Put() 则是在对象使用完毕后，返回对象池。

三、实例：

3.1、标准库中的应用

3.1.1: fmt.Printf

Go语言标准库大量使用了sync.Pool，例如: fmt和encoding/json
以下是fmt.Printf的源代码(go/src/fmt/print.go) - 你也可以到本地Go源码自行查看

// go 1.13.6

// pp is used to store a printer's state and is reused with sync.Pool to avoid allocations.
// pp用于存储打印机的状态，并与sync.Pool一起重用。以避免分配。
type pp struct {
    buf buffer
    ...
}

var ppFree = sync.Pool{
	New: func() interface{} { return new(pp) },
}

// newPrinter allocates a new pp struct or grabs a cached one.
// newPrinter分配了一个新的pp结构体或获取一个缓存的pp结构体。
func newPrinter() *pp {
	p := ppFree.Get().(*pp)
	p.panicking = false
	p.erroring = false
	p.wrapErrs = false
	p.fmt.init(&p.buf)
	return p
}

// free saves used pp structs in ppFree; avoids an allocation per invocation.
// 在ppFree中保存使用过的pp结构体；避免每次调用分配。
func (p *pp) free() {
	if cap(p.buf) > 64<<10 {
		return
	}

	p.buf = p.buf[:0]
	p.arg = nil
	p.value = reflect.Value{}
	p.wrappedErr = nil
	ppFree.Put(p)
}

func Fprintf(w io.Writer, format string, a ...interface{}) (n int, err error) {
	p := newPrinter()
	p.doPrintf(format, a)
	n, err = w.Write(p.buf)
	p.free()
	return
}

// Printf formats a***ording to a format specifier and writes to standard output.
// Printf根据格式说明符进行格式化，并写入标准输出。
// It returns the number of bytes written and any write error encountered.
// 返回写入的字节数和遇到的任何写入错误。
func Printf(format string, a ...interface{}) (n int, err error) {
	return Fprintf(os.Stdout, format, a...)
}

fmt.Printf 的调用是非常频繁的，利用 sync.Pool 复用 pp 对象能够极大地提升性能，减少内存占用，同时降低 GC 压力。

3.2、Gin框架的应用(context)

在Gin框架中，Context 对象代表了处理一个HTTP请求的上下文。
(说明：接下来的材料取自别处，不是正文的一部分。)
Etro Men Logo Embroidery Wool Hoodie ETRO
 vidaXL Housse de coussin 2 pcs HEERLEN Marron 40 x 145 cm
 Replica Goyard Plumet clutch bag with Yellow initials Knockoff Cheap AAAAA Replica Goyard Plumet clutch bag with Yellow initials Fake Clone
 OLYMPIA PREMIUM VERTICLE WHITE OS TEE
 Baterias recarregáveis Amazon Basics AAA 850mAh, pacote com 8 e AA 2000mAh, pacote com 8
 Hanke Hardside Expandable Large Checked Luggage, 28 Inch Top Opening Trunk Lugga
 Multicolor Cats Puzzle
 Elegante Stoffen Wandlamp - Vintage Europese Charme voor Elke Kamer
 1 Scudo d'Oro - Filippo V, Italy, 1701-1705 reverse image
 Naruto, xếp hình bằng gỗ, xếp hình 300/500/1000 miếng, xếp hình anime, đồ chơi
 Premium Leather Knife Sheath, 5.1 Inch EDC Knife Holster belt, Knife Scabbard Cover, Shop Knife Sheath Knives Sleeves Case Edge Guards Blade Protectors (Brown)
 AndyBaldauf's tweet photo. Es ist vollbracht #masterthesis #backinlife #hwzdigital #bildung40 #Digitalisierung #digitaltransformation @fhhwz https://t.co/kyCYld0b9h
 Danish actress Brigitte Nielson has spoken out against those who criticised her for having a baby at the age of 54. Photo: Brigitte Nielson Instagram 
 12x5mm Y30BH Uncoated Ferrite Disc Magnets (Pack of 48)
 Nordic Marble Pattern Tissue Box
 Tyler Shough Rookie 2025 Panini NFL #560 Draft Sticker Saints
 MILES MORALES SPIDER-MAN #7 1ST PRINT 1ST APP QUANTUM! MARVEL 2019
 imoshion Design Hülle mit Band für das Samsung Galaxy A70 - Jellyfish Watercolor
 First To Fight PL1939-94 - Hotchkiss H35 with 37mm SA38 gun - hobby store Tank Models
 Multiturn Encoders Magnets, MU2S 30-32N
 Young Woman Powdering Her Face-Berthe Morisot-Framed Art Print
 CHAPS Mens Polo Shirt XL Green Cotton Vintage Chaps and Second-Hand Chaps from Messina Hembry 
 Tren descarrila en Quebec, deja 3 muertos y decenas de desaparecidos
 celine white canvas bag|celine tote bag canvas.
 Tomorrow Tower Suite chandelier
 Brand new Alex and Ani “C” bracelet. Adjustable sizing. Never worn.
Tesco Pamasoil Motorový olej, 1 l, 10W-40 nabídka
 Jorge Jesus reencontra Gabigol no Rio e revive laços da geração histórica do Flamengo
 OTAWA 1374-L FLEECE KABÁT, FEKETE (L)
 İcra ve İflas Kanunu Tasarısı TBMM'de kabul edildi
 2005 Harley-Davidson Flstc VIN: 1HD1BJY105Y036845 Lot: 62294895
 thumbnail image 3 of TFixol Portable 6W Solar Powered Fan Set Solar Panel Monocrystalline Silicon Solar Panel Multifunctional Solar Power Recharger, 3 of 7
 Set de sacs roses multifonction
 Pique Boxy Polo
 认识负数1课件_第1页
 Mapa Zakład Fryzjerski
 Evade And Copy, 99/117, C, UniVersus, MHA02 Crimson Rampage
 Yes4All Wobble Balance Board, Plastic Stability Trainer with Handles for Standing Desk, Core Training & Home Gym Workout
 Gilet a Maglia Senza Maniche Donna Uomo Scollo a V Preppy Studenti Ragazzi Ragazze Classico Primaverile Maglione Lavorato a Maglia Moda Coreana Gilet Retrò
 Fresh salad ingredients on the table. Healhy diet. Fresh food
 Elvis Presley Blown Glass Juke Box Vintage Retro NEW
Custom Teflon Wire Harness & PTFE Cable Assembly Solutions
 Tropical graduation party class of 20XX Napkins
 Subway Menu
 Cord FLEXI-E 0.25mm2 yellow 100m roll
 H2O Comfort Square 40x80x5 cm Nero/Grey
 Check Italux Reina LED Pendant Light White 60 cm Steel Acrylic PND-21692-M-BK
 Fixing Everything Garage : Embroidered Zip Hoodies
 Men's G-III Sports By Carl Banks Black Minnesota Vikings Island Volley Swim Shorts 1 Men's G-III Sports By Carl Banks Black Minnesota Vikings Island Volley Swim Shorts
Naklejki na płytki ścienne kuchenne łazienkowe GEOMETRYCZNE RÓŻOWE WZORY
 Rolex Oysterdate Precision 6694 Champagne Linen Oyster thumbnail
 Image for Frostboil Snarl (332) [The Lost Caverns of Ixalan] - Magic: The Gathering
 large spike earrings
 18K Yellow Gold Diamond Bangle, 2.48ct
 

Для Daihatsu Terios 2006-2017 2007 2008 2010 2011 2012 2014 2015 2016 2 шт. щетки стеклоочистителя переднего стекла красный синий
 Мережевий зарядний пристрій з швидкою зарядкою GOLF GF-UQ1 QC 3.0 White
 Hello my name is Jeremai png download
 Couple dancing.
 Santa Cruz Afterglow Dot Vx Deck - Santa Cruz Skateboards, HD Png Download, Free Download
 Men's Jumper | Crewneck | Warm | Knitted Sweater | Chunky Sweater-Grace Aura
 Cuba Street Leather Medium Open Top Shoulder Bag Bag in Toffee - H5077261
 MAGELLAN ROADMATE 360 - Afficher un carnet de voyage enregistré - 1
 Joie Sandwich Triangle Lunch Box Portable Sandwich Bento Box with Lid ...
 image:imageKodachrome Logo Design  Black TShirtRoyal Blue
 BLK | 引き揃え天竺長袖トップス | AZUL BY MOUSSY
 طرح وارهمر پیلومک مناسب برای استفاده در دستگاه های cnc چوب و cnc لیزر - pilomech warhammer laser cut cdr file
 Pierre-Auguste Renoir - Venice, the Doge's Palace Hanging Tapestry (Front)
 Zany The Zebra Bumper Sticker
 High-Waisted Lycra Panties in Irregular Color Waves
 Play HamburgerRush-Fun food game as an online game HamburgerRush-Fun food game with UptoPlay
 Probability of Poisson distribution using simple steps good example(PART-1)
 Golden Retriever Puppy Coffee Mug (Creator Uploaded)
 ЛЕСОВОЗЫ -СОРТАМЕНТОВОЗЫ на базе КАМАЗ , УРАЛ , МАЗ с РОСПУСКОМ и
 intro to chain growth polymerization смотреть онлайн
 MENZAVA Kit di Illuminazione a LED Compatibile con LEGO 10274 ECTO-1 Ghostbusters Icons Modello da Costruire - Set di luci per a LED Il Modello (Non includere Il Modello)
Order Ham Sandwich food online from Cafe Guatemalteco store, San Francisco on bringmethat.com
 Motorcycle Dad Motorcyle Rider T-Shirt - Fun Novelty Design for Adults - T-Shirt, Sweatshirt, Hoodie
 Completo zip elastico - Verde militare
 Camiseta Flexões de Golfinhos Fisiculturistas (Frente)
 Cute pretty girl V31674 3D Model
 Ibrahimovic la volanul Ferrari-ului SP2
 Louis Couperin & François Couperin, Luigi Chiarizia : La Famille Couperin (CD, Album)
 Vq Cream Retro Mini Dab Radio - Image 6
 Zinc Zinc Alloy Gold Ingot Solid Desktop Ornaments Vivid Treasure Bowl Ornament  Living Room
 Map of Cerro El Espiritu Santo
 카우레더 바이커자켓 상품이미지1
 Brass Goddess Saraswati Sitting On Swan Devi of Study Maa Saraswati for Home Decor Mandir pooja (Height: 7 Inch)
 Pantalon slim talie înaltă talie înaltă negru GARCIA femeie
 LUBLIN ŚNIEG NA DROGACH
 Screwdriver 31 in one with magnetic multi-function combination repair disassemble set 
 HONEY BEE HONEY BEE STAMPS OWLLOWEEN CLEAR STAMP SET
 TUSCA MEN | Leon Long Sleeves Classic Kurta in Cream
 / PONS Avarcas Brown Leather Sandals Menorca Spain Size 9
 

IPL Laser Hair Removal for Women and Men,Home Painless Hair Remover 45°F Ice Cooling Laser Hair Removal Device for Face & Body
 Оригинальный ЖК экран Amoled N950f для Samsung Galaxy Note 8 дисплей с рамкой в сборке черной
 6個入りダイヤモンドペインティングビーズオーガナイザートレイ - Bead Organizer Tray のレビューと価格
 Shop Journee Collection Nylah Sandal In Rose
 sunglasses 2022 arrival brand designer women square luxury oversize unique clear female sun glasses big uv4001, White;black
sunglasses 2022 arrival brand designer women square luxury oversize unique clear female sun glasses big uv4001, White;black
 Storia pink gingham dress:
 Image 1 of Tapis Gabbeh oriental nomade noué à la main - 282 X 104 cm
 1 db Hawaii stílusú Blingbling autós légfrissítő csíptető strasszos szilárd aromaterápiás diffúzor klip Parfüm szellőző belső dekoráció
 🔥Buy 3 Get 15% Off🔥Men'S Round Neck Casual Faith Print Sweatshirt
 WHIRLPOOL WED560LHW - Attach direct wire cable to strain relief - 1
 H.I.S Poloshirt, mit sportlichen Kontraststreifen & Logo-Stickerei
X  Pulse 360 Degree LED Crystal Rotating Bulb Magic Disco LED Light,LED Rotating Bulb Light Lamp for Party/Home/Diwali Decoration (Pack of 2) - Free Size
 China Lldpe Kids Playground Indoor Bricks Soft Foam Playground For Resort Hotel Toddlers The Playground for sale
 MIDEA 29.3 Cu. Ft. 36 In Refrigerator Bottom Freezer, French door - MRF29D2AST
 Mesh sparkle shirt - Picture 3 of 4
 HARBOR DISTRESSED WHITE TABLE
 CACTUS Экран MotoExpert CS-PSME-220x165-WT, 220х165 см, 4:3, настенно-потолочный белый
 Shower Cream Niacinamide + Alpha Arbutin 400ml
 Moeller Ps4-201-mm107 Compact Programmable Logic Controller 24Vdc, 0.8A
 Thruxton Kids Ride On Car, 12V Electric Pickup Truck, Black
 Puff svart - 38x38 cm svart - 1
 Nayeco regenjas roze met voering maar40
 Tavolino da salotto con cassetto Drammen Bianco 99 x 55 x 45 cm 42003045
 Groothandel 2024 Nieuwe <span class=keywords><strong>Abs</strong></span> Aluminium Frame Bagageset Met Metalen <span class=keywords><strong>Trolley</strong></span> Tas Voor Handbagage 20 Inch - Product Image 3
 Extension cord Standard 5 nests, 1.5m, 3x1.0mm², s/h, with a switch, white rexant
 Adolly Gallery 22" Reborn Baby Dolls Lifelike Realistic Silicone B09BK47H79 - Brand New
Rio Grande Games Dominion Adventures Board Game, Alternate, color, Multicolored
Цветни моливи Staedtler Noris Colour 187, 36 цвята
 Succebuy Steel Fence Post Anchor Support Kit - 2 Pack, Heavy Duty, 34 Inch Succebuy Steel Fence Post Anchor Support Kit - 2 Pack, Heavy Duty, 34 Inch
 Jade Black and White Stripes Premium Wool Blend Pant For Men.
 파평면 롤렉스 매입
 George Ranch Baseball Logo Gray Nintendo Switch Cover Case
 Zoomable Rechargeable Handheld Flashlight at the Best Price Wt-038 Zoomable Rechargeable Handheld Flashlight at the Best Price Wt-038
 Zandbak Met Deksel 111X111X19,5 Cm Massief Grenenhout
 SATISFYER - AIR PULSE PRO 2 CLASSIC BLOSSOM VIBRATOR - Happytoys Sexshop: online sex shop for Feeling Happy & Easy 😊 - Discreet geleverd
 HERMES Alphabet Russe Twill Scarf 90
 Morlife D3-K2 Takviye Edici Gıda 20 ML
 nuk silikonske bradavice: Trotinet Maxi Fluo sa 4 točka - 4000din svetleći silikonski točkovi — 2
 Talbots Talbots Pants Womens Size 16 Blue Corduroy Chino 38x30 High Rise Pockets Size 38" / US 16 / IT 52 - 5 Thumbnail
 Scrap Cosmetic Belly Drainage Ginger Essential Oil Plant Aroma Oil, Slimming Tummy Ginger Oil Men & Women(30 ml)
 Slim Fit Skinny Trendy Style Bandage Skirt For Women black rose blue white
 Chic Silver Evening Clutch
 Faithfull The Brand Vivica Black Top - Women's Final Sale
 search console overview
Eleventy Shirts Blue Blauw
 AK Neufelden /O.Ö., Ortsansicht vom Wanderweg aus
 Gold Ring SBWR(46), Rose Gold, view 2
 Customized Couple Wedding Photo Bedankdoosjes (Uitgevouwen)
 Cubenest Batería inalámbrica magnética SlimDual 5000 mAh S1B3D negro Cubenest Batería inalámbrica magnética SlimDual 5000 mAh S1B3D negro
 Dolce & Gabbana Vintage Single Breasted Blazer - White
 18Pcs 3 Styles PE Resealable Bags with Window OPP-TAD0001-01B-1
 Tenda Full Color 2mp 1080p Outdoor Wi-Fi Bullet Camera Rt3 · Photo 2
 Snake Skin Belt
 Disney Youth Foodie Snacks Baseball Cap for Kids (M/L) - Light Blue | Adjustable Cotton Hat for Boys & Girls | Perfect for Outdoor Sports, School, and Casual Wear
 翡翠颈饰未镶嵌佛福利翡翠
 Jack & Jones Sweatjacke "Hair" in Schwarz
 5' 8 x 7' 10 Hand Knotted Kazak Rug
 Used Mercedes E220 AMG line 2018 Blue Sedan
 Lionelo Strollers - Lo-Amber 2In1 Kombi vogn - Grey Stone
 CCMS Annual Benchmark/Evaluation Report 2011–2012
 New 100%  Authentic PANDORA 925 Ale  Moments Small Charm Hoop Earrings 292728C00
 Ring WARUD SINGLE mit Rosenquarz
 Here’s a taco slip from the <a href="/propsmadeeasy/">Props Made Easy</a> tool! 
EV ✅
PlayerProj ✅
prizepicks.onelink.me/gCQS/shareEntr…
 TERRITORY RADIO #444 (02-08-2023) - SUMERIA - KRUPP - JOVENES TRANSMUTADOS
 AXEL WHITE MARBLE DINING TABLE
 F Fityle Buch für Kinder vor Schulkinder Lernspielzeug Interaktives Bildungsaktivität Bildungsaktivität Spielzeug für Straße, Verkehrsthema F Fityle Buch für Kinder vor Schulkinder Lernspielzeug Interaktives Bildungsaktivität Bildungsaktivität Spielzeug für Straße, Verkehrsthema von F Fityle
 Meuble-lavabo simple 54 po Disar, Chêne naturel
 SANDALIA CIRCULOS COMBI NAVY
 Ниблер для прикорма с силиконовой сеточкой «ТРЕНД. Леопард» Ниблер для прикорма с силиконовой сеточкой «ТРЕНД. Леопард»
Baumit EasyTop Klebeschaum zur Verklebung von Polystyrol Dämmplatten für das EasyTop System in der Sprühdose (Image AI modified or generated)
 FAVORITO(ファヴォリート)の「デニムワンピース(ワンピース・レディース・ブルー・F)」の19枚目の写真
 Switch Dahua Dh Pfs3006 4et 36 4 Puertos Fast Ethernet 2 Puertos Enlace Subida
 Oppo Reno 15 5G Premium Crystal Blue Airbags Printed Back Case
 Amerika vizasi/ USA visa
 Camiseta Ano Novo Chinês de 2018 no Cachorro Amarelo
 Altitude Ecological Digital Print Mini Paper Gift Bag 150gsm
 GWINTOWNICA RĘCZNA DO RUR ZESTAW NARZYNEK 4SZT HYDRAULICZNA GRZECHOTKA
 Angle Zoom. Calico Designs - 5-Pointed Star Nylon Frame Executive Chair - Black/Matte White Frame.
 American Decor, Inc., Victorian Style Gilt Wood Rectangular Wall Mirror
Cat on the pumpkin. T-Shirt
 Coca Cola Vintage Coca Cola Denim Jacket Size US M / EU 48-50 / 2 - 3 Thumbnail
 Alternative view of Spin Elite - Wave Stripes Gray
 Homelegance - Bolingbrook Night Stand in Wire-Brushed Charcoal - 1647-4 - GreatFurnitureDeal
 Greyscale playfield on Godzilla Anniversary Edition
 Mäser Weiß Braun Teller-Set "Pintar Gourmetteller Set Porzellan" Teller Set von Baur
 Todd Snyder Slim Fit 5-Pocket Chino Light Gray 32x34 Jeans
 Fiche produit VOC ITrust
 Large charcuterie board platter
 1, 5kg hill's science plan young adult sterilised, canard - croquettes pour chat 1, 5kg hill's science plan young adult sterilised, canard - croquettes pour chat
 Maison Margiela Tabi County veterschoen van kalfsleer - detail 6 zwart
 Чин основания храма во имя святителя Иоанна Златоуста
每个请求都需要一个Context，请求处理完毕，Context的生命周期也就结束了。

高频的创建于销毁：在高并发下，每秒会创建和销毁大量Context对象。
固定生命周期：Context的生命周期始于请求到来，止于请求处理完毕，非常短暂。

3.2.1、定义对象池

在gin.Engine结构体的定义中，你可以看到pool字段就是一个sync.Pool

type Engine struct {
    // ... 其他字段
    pool sync.Pool // context 对象池
}
如下：

3.2.2、初始化对象池

在创建Gin引擎实例的时，会初始化sync.Pool，并指定New函数。
当池子中无对象可用的时，会调用此函数创建新的Context。

func New() *Engine {
    // ...
    engine.pool.New = func() any {
        return engine.allocateContext(engine.maxParams)
    }
    return engine
}

func (engine *Engine) allocateContext(maxParams uint16) *Context {
    // 分配并初始化一个Context
    v := make(Params, 0, maxParams)
    return &Context{engine: engine, params: &v, skippedNodes: &skippedNodes}
}

3.2.3、从池中获取Context

当HTTP请求到达时，Gin会从sync.Pool中获取一个Context对象。

func (engine *Engine) ServeHTTP(w http.ResponseWriter, req *http.Request) {
    // 从对象池中获取一个 context[citation:7]
    c := engine.pool.Get().(*Context)
    c.writermem.reset(w)
    c.Request = req
    c.reset()
    // ... 处理 http 请求
    engine.handleHTTPRequest(c)
    // 把 context 放回对象池[citation:7]
    engine.pool.Put(c)
}

3.2.4、处理请求后放回池中

请求处理完毕后，Gin会将Contex重置并放回sync.Pool中，以供后面复用。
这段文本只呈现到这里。